__Data for this exercise__:
= = =

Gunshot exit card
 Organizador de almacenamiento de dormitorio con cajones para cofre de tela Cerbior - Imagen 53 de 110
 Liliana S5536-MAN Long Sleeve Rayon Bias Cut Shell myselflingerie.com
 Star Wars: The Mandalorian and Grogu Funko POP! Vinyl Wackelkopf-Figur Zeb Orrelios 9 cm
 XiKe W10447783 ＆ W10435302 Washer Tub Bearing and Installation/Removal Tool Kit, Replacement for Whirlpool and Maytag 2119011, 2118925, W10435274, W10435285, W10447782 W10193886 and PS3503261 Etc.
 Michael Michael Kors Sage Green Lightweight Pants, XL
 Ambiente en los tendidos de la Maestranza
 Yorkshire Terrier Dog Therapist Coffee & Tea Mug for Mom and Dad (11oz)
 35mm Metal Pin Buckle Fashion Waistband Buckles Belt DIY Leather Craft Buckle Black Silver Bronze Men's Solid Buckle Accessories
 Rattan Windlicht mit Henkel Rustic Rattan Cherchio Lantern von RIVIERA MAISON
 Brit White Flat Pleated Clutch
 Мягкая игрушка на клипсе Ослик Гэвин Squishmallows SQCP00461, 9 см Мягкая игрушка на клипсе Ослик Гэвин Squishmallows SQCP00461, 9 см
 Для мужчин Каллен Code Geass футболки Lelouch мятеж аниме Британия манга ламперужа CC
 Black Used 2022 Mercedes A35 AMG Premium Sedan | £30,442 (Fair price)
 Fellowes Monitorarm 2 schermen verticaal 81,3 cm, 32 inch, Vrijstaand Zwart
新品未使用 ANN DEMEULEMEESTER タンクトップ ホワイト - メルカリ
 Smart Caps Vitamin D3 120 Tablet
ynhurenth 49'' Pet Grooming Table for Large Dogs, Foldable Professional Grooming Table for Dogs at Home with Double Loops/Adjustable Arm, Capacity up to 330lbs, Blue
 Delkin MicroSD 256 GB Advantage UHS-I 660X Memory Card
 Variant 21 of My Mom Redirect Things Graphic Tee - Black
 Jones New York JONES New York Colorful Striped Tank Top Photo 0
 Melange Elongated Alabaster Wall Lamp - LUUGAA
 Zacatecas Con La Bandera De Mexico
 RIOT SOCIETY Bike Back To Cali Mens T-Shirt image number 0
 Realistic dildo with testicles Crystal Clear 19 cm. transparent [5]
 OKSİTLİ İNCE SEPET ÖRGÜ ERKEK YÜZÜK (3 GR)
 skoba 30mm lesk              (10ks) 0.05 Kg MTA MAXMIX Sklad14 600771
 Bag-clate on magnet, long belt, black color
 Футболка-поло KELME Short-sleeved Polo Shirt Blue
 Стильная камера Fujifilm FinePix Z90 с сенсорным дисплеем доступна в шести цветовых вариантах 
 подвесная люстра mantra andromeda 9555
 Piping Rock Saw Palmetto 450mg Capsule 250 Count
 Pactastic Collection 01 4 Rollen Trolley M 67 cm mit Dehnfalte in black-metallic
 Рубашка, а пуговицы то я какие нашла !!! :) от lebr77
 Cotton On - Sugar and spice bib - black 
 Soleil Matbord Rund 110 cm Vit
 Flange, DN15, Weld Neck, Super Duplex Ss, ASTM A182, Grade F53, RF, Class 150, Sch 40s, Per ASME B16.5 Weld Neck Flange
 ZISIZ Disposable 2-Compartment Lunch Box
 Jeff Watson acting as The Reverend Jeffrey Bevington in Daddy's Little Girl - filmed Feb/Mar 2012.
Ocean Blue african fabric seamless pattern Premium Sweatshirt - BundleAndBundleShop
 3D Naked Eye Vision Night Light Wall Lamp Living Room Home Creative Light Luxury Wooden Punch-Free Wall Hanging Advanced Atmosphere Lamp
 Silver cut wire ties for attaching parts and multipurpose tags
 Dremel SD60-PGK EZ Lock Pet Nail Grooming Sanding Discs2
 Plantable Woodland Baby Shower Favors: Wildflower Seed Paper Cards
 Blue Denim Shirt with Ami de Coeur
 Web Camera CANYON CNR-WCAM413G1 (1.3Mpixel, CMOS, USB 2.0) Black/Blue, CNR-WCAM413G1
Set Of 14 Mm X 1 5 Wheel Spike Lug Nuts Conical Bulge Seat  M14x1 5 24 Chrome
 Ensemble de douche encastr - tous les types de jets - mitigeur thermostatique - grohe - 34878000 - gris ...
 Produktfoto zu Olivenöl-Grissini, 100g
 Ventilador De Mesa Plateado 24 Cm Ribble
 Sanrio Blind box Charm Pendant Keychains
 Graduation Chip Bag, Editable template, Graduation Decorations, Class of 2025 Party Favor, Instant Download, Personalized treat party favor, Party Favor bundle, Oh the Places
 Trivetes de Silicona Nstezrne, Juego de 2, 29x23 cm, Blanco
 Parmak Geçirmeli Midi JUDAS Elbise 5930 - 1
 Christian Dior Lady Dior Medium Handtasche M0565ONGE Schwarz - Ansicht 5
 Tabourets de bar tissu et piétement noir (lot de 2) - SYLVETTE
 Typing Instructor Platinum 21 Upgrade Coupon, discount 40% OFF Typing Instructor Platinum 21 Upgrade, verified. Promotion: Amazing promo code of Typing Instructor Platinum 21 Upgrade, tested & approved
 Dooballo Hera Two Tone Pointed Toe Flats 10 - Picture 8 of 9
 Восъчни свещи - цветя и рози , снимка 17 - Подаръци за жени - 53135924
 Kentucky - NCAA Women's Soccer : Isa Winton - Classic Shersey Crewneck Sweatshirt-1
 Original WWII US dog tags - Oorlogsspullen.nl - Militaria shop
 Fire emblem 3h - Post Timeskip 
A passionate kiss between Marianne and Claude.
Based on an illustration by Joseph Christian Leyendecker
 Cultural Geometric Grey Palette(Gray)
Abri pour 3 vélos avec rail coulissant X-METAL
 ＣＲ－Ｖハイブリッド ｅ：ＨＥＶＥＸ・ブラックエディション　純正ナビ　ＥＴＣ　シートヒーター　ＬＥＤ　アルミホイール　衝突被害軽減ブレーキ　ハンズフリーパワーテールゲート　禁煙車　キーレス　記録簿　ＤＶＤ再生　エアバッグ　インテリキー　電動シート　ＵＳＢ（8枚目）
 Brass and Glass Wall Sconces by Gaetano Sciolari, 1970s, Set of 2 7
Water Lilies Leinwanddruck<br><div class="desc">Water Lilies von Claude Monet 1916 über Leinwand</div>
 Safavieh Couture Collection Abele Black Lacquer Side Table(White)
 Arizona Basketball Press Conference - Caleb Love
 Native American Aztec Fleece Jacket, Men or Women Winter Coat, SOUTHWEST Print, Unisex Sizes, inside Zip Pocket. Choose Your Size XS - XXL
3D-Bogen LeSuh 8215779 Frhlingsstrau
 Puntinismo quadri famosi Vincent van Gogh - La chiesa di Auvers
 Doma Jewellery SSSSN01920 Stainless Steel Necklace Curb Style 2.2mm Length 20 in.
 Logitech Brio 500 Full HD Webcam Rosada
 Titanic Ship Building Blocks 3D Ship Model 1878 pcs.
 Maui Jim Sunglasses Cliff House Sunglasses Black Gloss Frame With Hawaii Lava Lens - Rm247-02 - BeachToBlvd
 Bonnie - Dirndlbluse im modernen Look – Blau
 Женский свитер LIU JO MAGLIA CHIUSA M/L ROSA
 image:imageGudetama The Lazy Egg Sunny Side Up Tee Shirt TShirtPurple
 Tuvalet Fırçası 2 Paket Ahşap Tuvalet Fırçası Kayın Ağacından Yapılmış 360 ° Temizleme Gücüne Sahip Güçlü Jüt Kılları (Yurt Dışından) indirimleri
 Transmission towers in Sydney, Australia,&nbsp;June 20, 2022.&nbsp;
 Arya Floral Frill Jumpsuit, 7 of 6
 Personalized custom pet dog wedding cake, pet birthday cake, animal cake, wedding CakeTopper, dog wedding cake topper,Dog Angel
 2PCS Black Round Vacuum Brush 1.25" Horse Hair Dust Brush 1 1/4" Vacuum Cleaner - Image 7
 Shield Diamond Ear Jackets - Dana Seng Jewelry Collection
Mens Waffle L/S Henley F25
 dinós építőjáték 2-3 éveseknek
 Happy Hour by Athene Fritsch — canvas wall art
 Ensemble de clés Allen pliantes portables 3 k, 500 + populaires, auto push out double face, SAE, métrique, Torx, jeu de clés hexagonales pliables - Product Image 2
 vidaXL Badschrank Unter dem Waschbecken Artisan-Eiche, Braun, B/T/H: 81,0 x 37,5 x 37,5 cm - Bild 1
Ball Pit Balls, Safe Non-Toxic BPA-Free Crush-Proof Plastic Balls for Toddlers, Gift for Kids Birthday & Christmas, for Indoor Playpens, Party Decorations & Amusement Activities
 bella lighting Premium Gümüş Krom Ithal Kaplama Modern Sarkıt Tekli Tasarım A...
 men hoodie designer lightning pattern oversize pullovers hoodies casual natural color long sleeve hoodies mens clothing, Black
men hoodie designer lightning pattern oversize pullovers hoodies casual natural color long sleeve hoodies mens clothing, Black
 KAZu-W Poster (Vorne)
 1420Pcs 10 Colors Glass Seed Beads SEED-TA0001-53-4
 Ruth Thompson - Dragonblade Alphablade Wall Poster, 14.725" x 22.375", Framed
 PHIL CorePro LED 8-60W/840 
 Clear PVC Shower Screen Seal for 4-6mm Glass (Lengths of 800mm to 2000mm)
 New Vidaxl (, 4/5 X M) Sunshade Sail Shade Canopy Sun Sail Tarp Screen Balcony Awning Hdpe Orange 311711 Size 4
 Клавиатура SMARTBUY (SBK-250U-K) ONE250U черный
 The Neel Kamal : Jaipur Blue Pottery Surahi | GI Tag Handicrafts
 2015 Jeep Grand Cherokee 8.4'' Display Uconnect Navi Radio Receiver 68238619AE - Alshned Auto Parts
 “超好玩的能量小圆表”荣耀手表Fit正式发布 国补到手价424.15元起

= = =

__Work to be completed__: Above is a listing; print exactly its lines from the one with "Bag-clate on magnet, long belt, black color" through the one with "Рубашка, а пуговицы", and no other lines.

__The completed task__:
 Bag-clate on magnet, long belt, black color
 Футболка-поло KELME Short-sleeved Polo Shirt Blue
 Стильная камера Fujifilm FinePix Z90 с сенсорным дисплеем доступна в шести цветовых вариантах 
 подвесная люстра mantra andromeda 9555
 Piping Rock Saw Palmetto 450mg Capsule 250 Count
 Pactastic Collection 01 4 Rollen Trolley M 67 cm mit Dehnfalte in black-metallic
 Рубашка, а пуговицы то я какие нашла !!! :) от lebr77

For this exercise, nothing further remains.